▶ [What you are asked to do]
What is needed here is every line of the records that includes "Fototapeta".

--- Entries supplied ---

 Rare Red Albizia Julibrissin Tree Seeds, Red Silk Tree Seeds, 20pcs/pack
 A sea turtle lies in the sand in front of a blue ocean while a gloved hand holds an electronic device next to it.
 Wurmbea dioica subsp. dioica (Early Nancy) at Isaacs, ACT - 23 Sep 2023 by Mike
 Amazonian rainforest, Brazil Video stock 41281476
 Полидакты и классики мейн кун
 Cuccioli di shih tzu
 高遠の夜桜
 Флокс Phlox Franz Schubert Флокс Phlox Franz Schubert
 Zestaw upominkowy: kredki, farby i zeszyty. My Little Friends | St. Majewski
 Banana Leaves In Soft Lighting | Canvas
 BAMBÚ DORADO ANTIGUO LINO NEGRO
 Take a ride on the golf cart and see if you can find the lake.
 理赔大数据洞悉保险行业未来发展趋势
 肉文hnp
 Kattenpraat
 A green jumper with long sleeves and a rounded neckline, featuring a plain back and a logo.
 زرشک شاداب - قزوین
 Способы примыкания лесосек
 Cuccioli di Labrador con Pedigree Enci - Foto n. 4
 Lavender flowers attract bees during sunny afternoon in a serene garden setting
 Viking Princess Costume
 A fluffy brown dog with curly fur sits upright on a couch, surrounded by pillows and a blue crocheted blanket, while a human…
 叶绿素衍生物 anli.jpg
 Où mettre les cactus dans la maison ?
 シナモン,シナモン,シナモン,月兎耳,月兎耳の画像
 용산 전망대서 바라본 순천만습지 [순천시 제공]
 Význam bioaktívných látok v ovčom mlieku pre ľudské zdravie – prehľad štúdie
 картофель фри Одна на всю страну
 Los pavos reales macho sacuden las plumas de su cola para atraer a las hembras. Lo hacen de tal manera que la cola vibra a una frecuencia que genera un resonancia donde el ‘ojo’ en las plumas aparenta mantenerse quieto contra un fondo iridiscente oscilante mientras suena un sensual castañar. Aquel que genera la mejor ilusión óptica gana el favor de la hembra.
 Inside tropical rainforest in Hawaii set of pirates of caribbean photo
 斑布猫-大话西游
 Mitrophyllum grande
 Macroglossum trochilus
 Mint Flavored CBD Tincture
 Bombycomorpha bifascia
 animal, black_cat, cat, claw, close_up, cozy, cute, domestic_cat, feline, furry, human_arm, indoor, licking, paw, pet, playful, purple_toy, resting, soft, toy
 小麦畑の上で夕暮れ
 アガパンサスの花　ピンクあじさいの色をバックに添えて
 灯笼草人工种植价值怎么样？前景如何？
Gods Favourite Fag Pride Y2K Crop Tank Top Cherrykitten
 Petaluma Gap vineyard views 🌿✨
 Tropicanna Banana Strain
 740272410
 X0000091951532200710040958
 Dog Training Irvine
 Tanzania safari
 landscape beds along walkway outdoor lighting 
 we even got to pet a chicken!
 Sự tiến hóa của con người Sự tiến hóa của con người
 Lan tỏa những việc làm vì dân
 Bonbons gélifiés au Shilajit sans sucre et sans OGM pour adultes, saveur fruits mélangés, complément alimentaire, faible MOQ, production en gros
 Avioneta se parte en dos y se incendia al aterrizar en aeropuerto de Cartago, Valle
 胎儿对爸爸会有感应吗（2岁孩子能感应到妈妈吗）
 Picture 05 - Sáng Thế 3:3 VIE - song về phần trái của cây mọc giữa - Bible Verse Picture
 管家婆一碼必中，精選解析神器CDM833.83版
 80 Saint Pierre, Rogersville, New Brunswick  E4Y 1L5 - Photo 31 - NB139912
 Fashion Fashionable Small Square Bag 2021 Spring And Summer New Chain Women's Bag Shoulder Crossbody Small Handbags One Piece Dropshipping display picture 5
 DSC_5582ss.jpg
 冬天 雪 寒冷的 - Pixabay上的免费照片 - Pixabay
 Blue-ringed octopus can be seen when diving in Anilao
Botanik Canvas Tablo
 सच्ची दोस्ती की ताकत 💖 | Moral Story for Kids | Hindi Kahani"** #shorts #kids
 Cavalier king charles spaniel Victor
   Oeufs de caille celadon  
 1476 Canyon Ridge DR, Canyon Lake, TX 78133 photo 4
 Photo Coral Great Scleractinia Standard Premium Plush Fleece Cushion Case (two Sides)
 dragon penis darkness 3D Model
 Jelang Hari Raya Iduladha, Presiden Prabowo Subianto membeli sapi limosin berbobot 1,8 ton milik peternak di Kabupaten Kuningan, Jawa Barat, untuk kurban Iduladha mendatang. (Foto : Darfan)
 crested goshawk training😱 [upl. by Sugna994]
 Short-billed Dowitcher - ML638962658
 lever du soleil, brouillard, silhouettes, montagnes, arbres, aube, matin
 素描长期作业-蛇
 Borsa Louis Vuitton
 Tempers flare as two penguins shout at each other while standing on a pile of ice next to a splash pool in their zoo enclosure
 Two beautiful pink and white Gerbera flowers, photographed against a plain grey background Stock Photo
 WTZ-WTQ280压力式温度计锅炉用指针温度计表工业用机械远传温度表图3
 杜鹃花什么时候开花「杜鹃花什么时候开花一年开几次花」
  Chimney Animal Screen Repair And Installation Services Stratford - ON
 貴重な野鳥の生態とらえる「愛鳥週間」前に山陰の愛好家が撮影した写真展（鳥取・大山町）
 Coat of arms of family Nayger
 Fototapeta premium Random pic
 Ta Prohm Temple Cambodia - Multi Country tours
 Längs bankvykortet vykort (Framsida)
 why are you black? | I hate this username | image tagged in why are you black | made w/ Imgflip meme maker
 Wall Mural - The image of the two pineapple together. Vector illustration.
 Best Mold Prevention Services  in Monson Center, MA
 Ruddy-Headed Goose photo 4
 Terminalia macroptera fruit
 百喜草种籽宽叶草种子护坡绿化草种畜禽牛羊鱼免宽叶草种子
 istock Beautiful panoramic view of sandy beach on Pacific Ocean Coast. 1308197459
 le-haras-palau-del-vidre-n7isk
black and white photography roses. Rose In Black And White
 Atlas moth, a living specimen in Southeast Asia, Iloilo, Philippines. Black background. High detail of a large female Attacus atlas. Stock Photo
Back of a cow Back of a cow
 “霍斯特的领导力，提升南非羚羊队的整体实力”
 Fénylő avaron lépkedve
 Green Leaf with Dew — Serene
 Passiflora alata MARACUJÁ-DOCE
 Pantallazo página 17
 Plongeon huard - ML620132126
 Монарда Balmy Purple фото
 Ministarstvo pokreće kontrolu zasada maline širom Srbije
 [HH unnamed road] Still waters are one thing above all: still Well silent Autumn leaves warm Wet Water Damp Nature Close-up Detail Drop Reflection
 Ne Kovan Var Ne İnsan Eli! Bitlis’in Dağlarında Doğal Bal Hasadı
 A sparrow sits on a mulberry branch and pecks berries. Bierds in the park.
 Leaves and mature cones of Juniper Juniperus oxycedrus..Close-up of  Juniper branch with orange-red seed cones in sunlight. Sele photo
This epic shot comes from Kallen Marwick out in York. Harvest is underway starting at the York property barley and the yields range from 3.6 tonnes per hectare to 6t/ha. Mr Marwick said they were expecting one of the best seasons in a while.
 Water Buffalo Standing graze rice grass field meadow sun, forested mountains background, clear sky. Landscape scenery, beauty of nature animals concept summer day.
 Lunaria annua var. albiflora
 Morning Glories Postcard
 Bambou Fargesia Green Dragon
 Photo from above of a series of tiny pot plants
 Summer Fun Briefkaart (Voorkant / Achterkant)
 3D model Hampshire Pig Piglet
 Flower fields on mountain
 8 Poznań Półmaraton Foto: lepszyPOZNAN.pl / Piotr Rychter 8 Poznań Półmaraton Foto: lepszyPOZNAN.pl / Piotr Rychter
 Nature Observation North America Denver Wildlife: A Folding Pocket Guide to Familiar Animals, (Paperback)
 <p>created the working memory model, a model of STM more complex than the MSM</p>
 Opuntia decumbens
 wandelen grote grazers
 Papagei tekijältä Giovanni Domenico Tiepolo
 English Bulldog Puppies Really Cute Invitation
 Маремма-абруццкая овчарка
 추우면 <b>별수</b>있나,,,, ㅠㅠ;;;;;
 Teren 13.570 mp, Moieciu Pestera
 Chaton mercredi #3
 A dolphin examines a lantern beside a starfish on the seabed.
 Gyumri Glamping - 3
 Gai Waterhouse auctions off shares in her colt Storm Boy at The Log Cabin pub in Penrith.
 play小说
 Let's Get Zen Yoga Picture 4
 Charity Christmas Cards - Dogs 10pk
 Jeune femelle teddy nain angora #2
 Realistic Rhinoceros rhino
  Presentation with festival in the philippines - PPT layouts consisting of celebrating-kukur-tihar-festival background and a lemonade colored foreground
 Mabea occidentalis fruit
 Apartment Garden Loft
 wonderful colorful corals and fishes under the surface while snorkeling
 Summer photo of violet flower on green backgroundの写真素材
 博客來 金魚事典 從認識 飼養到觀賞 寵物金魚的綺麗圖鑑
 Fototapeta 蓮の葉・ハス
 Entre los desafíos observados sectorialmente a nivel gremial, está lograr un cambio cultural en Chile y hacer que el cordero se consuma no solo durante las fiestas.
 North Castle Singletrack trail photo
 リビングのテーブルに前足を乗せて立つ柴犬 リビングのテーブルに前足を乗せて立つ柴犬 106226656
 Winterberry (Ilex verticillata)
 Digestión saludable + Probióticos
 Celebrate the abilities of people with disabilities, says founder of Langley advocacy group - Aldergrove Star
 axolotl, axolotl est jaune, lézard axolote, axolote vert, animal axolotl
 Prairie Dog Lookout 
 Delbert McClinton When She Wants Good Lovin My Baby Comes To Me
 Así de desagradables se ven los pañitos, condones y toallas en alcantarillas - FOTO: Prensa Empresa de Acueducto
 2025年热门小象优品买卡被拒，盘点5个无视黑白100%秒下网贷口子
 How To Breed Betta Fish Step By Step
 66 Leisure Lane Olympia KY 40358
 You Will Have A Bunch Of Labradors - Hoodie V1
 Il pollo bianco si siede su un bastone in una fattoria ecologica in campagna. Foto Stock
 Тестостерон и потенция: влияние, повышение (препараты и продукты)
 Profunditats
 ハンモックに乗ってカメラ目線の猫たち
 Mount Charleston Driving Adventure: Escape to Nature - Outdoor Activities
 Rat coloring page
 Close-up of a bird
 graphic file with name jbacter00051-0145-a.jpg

---

▶ [Exercise output]
 Fototapeta premium Random pic
 Fototapeta 蓮の葉・ハス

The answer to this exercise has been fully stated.